The irony of the situation was not lost on David Valentine. He drove his men, enlisted and officers alike, in an exhausting war against the swelling Arkansas River. A wall of sandbags was the battle line. On the one side of the miles of sandbags, pumps and drainage ditches were the war materials of Consul Solon's military millstone, now grinding Southern Command into chicken feed. On the other side swelled a God-given natural disaster waiting to strike a blow for their Cause potentially more damaging than even batteries of heavy artillery with the town in their sights could hope to do.
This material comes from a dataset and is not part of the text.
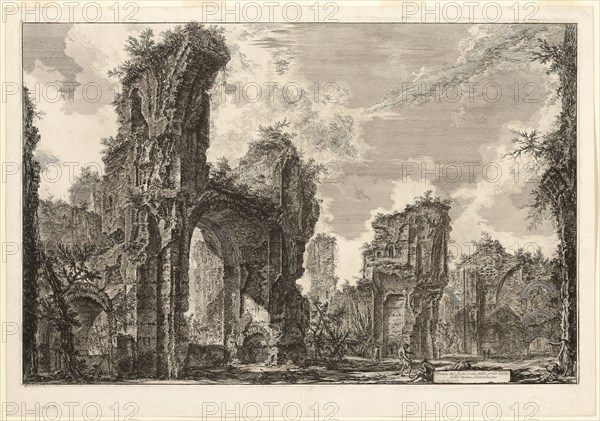 Ruins of the Xystus [a long open portico used for athletic exercises], the central hall of the Antonine Baths [The Baths of Caracalla], from Views of Rome, 1765, Giovanni Battista Piranesi, Italian, 1720-1778, Italy, Etching on heavy ivory laid paper, 425 x 650 mm (image), 430 x 656 mm (plate), 481 x 690 mm (sheet)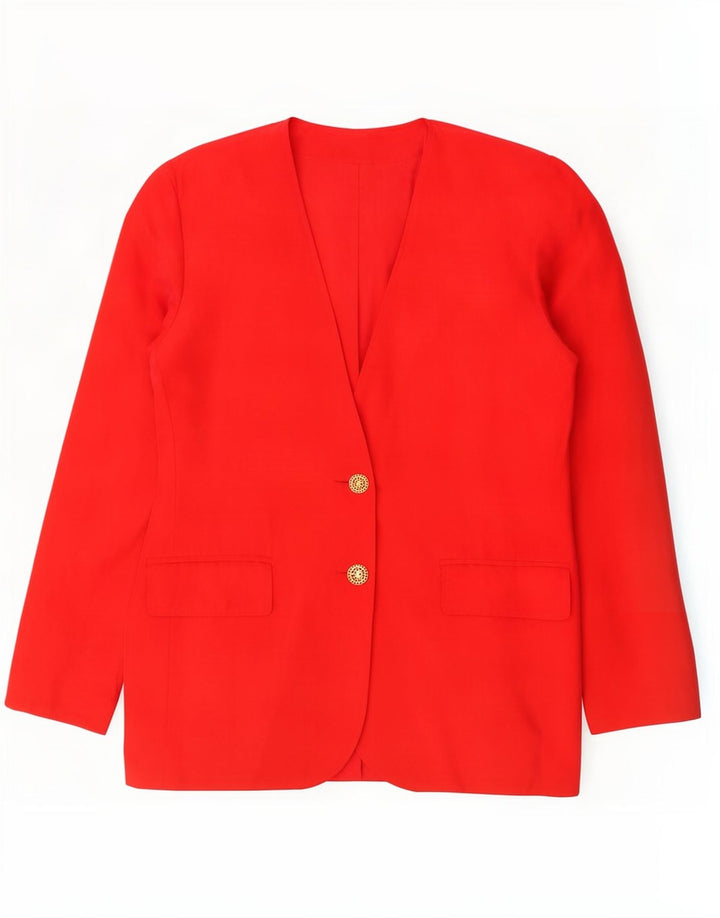 Giacca blazer vintage da donna a 2 bottoni UK 14 grande seta rossa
Nonetheless he threw his men's bodies against the river. Even Ahn-Kha stood waist-deep in cold water, hardly stopping to eat, plunging his long arms again and again into the base of the levee, digging sluices for the pumps.

The endless labor inured his men to living hearth-to-hearth with the Quislings. When Tucker and his men handed out new AOT uniforms-a mottle of sea greens and browns, some with the look of reclaimed and redyed clothing about them- Post brought them in groups before Narcisse, who marked their foreheads in a vaudou version of the anointing of the ashes. She smeared them with a red paste and flicked them about the head and neck with a powdered white feather, chanting in her Haitian Creole. Even Styachowski submitted to it in good humor, after Narcisse explained to her and Valentine that it was just for show: The paste was winterberry with a touch of poison sumac to give it a tingle. Narcisse promised the men that the ritual would help them fool the enemy, guard their tongues and curse any who deliberately gave away their true allegiance so that any reward given by the Kurians would turn to ash and their hearts' blood to sand. Valentine watched M'Daw's face as he underwent the anointing; there would be a brass ring for him and land of his choosing if he were to go over to his old masters, and it would be so easy. So very easy. Just a word or two in the right ear at the wrong moment. The healthy respect for Narcisse's powers M'Daw had gained when she changed the old Quisling's bowels to the biological equivalent of a fire hose showed itself when he jumped at her touch as though she carried electrical current.

Valentine had considered assigning someone unobtrusive but reliable, like the Texan drover Jefferson, to keep an eye on M'Daw, but the old Quisling had been as willing as any on the march, and complained not at all. Valentine was inclined to trust him. Keeping track of worries in the current predicament was like following individual ants pouring from a kicked-open hill.

Mrs. Smalls was the only one excepted from the ceremony, though Narcisse ministered to the pregnant woman as midwife and cook. She and her husband were confined to their tent. The baby had dropped, and they were expecting it to be born any day.

Valentine had Mrs. Smalls on his mind as he paced back and forth at the drainage ditch, watching the next two truckloads of sand and bags make their way to the waiting shovel-wielding prisoners.

"Your shift was over a half hour ago, sir," Styachowski said. She passed him a hot cup of roasted chicory coffee, sweetened to a syrup with molasses. The mixture had been passed around as the closest thing to real coffee they could make in quantity.

Valentine gulped and looked through the steam at Styachowski. Even dripping wet she managed to look neat, though there were circles under her eyes, made worse by pallid skin and close-cropped hair. Styachowski had been tireless at the riverbank, still working when men twice her size dropped in exhaustion.

"I can go a couple more hours. Do two more dry in your bunk, Styachowski."

"lean-"

He swiveled his gaze to the prisoners. "Hey, you two there, don't pack 'em like sausages, or they'll burst under pressure."

"Sorry, sir," the prisoner with the shovel replied. He wore a faded Guard uniform with POW stenciled in orange across his back and down his pant leg.

"Sorry, Styachowski, you were saying?

"Nothing, sir."

"Then move along. I'll cover your duty."